Exercise objective:
Would you please return the lines of the entries below starting at the line that has "Leyte Park Resort Hotel Tacloban Kültér fotó" and ending at the line that has "2912 23rd St N - Photo 7 of 9", both included, exactly as they are?
*** Data excerpts ***
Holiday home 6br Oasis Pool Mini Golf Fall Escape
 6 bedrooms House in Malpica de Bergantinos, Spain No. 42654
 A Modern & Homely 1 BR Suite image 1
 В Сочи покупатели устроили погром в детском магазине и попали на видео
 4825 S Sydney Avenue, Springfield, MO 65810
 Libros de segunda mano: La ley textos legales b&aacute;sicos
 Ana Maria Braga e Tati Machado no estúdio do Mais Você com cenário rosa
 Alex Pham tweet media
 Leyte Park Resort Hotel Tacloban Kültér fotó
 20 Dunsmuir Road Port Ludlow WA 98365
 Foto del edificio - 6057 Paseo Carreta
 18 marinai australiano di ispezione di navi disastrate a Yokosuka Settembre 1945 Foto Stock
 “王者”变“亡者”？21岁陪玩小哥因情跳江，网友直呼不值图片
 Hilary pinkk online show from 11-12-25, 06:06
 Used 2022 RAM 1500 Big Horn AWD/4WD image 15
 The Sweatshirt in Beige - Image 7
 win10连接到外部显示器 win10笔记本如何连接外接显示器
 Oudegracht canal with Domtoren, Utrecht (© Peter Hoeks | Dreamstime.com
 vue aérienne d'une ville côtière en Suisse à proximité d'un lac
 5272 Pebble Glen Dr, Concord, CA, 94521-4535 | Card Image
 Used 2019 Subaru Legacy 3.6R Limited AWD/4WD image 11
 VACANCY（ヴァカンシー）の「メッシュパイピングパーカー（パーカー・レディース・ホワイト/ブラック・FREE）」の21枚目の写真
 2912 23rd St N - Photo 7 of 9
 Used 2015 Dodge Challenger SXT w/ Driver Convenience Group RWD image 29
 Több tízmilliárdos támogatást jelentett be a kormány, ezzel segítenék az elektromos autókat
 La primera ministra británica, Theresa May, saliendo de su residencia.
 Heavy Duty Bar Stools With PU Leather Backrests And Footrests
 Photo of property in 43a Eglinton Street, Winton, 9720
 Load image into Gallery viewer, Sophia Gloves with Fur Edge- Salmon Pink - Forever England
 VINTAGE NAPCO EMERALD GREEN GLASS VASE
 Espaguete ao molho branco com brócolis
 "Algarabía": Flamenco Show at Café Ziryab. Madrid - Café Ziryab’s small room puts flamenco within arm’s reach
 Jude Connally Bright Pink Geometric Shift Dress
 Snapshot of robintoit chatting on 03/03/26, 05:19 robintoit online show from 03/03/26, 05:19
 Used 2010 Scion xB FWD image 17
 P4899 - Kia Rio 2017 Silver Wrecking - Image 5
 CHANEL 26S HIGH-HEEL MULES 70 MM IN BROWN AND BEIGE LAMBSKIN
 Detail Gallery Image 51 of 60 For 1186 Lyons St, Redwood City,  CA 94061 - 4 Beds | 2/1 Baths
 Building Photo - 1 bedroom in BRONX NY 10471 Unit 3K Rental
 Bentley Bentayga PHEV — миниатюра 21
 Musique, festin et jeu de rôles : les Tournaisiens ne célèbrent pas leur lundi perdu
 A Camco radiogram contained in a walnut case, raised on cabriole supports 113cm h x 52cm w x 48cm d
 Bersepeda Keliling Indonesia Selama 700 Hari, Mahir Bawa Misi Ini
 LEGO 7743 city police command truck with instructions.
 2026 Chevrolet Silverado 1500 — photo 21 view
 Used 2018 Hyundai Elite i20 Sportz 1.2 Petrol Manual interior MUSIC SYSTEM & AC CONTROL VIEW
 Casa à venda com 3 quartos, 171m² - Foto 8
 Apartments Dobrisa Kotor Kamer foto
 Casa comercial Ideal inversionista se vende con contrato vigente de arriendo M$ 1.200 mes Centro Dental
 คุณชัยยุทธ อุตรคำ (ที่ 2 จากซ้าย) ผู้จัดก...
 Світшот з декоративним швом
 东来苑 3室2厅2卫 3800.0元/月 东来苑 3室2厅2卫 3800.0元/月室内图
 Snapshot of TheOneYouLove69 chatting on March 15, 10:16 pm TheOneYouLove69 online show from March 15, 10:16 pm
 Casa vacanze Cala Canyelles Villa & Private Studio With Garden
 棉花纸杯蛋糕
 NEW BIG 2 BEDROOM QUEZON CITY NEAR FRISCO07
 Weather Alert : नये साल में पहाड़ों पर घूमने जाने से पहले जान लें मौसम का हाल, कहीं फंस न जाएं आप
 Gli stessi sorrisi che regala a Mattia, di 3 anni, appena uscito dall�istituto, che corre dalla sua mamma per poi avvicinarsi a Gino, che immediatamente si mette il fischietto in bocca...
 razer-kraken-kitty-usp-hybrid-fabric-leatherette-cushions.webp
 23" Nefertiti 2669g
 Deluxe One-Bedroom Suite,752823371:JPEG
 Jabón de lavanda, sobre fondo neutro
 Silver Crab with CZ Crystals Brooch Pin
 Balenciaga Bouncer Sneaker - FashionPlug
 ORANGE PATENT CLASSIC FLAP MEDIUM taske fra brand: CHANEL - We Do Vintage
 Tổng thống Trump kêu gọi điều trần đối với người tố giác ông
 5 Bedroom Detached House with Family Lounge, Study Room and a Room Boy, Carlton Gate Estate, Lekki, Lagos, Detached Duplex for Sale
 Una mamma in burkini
*** End of Data excerpts ***
Answer space:
 Leyte Park Resort Hotel Tacloban Kültér fotó
 20 Dunsmuir Road Port Ludlow WA 98365
 Foto del edificio - 6057 Paseo Carreta
 18 marinai australiano di ispezione di navi disastrate a Yokosuka Settembre 1945 Foto Stock
 “王者”变“亡者”？21岁陪玩小哥因情跳江，网友直呼不值图片
 Hilary pinkk online show from 11-12-25, 06:06
 Used 2022 RAM 1500 Big Horn AWD/4WD image 15
 The Sweatshirt in Beige - Image 7
 win10连接到外部显示器 win10笔记本如何连接外接显示器
 Oudegracht canal with Domtoren, Utrecht (© Peter Hoeks | Dreamstime.com
 vue aérienne d'une ville côtière en Suisse à proximité d'un lac
 5272 Pebble Glen Dr, Concord, CA, 94521-4535 | Card Image
 Used 2019 Subaru Legacy 3.6R Limited AWD/4WD image 11
 VACANCY（ヴァカンシー）の「メッシュパイピングパーカー（パーカー・レディース・ホワイト/ブラック・FREE）」の21枚目の写真
 2912 23rd St N - Photo 7 of 9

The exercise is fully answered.